Here is where most people fool themselves. Multi-threaded does not mean three people on the org chart you have emailed. It means three people who take your call when you ring, who have an opinion on the value you deliver, and who can speak internally on behalf of the relationship.

The principle is three-across-three. At least three stakeholders, across at least three functions or levels:

  • An operator who feels the value daily.
  • A manager or director who owns the outcome.
  • An executive sponsor who owns the budget, or is the downstream beneficiary of it.

Three users on the same team at the same level is not multi-threading. That is redundancy. You have backed up the laptop to a folder on the same laptop.

The grid that fixes it

For every important account, draw a simple grid. Three functions down the side, your function, an adjacent function, governance: finance, legal, procurement, IT. Three altitudes across the top, operator, manager, executive. Colour each cell green, amber or red by relationship strength. A discipline like this is closer to MEDDPICC than to charm.
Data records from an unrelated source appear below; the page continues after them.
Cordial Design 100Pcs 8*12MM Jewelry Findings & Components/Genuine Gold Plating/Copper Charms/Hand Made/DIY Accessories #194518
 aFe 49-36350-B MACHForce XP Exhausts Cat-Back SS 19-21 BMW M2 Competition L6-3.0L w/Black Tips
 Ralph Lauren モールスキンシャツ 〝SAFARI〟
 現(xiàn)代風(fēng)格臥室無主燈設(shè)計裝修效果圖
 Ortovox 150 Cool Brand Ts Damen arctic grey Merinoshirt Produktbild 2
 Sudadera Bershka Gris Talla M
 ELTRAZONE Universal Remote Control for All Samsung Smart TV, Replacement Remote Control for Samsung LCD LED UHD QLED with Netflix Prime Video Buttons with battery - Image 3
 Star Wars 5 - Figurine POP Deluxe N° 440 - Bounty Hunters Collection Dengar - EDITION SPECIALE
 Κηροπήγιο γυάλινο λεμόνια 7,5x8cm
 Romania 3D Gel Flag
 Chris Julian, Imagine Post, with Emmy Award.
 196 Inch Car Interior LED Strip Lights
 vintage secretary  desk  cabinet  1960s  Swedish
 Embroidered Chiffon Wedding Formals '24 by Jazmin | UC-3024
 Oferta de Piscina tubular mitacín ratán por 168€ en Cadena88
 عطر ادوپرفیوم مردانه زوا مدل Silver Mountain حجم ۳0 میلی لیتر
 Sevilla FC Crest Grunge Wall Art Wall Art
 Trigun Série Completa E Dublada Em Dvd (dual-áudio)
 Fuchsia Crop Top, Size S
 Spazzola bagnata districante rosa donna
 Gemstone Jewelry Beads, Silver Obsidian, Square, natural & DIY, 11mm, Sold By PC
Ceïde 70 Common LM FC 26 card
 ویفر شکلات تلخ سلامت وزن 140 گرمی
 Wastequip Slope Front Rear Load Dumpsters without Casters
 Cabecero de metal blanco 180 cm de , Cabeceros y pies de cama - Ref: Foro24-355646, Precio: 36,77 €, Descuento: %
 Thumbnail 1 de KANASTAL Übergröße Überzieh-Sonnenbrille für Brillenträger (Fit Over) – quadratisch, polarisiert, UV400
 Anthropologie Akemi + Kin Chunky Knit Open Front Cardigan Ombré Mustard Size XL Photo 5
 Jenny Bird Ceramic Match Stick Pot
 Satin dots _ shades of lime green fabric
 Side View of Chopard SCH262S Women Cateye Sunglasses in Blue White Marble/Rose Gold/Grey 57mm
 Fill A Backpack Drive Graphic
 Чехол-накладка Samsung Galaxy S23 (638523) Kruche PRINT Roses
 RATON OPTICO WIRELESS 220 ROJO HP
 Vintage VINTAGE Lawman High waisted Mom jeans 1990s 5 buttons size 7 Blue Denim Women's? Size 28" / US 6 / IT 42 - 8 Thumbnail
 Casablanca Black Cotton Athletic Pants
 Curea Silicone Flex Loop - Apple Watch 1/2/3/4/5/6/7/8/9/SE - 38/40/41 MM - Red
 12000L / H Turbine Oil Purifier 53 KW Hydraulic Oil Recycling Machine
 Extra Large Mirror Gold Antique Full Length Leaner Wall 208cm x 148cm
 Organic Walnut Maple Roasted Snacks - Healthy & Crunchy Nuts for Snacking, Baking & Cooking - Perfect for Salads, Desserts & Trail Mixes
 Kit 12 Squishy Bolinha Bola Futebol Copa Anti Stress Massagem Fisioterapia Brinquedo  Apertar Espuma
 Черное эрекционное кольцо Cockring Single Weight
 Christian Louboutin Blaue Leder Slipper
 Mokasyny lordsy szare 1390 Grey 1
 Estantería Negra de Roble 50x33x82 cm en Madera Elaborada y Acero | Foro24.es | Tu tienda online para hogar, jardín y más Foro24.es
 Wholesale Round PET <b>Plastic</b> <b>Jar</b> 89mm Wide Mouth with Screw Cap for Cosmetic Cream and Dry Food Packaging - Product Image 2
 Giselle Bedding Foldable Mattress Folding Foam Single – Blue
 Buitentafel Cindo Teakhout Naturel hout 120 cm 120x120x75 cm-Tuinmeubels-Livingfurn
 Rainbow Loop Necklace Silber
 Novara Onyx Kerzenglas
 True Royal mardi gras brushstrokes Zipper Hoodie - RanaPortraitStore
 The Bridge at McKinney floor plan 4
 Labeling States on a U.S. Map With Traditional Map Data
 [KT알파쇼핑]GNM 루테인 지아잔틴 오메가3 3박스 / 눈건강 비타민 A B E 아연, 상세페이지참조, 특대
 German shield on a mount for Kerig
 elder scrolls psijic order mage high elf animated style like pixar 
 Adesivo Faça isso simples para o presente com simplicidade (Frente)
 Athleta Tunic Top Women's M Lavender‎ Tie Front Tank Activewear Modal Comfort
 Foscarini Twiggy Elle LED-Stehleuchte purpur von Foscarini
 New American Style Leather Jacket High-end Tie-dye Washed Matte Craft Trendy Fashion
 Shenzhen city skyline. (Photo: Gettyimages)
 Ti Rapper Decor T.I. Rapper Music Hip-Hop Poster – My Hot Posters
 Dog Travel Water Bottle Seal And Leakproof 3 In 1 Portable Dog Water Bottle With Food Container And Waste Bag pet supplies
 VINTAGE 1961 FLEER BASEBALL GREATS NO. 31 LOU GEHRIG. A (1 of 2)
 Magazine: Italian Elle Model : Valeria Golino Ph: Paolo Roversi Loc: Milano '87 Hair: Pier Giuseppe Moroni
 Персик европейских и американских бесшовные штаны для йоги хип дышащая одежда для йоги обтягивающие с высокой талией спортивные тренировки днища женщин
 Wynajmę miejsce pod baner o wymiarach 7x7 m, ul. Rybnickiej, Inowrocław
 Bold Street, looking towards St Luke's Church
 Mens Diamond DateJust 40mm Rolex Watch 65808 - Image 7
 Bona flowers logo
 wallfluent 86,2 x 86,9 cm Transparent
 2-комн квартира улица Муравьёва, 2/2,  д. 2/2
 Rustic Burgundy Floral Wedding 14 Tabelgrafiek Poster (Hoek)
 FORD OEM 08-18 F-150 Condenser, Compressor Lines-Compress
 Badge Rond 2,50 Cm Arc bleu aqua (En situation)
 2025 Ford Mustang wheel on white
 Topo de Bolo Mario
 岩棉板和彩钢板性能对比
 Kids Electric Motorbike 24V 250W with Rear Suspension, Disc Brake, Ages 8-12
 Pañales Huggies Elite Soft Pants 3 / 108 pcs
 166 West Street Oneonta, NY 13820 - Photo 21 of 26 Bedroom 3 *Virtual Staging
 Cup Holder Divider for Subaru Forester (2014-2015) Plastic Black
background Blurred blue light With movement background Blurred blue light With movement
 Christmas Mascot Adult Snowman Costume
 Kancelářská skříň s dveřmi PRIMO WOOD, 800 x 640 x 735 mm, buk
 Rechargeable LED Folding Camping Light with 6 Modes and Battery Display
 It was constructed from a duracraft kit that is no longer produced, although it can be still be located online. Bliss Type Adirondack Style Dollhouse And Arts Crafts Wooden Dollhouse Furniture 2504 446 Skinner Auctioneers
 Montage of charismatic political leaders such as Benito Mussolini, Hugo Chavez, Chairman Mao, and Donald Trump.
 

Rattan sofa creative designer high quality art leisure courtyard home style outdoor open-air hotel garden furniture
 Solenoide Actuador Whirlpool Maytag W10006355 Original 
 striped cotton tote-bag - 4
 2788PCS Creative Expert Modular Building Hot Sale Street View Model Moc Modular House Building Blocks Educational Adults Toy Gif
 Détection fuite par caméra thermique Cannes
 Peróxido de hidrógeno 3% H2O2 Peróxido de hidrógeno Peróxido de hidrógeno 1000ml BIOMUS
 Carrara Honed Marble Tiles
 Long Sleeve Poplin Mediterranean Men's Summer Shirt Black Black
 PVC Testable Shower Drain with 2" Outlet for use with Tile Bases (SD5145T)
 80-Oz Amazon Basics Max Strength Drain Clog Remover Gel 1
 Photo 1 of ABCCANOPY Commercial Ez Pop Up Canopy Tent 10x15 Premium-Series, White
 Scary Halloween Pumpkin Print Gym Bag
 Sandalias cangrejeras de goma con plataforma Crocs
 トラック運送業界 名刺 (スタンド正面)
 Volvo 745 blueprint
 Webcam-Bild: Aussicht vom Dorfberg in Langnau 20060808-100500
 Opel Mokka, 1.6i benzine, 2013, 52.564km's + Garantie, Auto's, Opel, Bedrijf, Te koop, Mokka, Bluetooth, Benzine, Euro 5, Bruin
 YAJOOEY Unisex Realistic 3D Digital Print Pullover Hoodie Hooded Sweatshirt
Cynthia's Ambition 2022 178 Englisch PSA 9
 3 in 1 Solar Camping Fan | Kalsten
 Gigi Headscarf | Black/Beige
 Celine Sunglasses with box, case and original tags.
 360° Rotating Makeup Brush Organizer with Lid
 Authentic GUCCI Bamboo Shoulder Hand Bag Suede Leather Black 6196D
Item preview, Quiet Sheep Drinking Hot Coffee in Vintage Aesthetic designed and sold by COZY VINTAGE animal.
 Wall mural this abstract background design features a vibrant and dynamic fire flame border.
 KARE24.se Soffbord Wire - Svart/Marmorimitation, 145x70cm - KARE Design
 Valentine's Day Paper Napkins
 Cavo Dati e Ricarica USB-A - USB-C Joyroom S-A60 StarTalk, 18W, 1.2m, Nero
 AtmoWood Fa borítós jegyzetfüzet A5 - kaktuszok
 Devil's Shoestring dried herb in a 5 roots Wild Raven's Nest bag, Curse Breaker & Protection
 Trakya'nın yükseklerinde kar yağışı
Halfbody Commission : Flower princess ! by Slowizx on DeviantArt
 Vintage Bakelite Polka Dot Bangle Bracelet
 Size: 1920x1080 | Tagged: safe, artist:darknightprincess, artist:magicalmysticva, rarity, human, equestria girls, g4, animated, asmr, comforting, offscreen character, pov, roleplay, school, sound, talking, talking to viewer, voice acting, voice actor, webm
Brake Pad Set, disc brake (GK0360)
Two stakeholder grids side by side: a healthy multi-threaded grid lit warm throughout, and a fragile single-threaded account lit on just one diagonal

Almost every AM has a strong diagonal. Champion, an operator, maybe an exec, all in the same function. And nothing anywhere else. The whole job is to colour in the rest of the grid over two to four quarters.

Aim for: three green cells minimum at steady state. Two or more relationships in an adjacent function before you attempt any cross-sell. At least one relationship in governance before you walk into a renewal negotiation.

On the executive sponsor

An executive sponsor is not a name on a slide. The test is simple, and uncomfortable. If your exec sponsor at the customer has not been in a meeting with someone from your company in the last six months, you do not have a sponsor. You have a name on a slide.

A real sponsor knows what you do for their organisation, has had at least one substantive conversation a year about outcomes rather than features, and takes your call when you need to escalate. That is built by delivering something to them specifically (an insight, a connection, a data point they cared about) and by showing up at their altitude when the topic warrants it. You should not be the only person from your side talking to them, either. Your own executive belongs in that mix. A VP-to-VP conversation is a different meeting from two individual contributors, and you cannot fake the altitude.

The cadence

Multi-threading is a discipline, not a project. Roughly:

  • Monthly: review the grid on each top-tier account. Pick one cell to improve.
  • Quarterly: one executive-sponsor conversation per top-tier account, maintaining or opening.
  • On every trigger: a new hire, a re-org, a leadership change, add that person to your map within 30 days.

And avoid the four classic traps. LinkedIn-only "threading," a connection request is not a relationship. Over-investing in one strong thread because it feels productive. Refusing to bring in your own executives. And only threading when you need something: showing up to the economic buyer three weeks before renewal, having spoken to them twice in a year. You will lose.

Why this is a coaching problem

Every AM agrees with all of this. Then they go back to their book and over-invest in the one champion who replies fastest, because that thread feels warm and the cold cells feel like hard work. The knowledge is not the gap. The behaviour is.

That is the slice we work on at Replicate Labs. Not a one-off training on stakeholder maps, but a coach in the workflow that keeps your three-across-three grid in front of you, names the account that has quietly gone single-threaded, and pushes you to colour in the cell you have been avoiding. That is one slice of the complete guide to AI sales coaching.

Back up the photos. All twenty years of them. Not to a folder on the same laptop.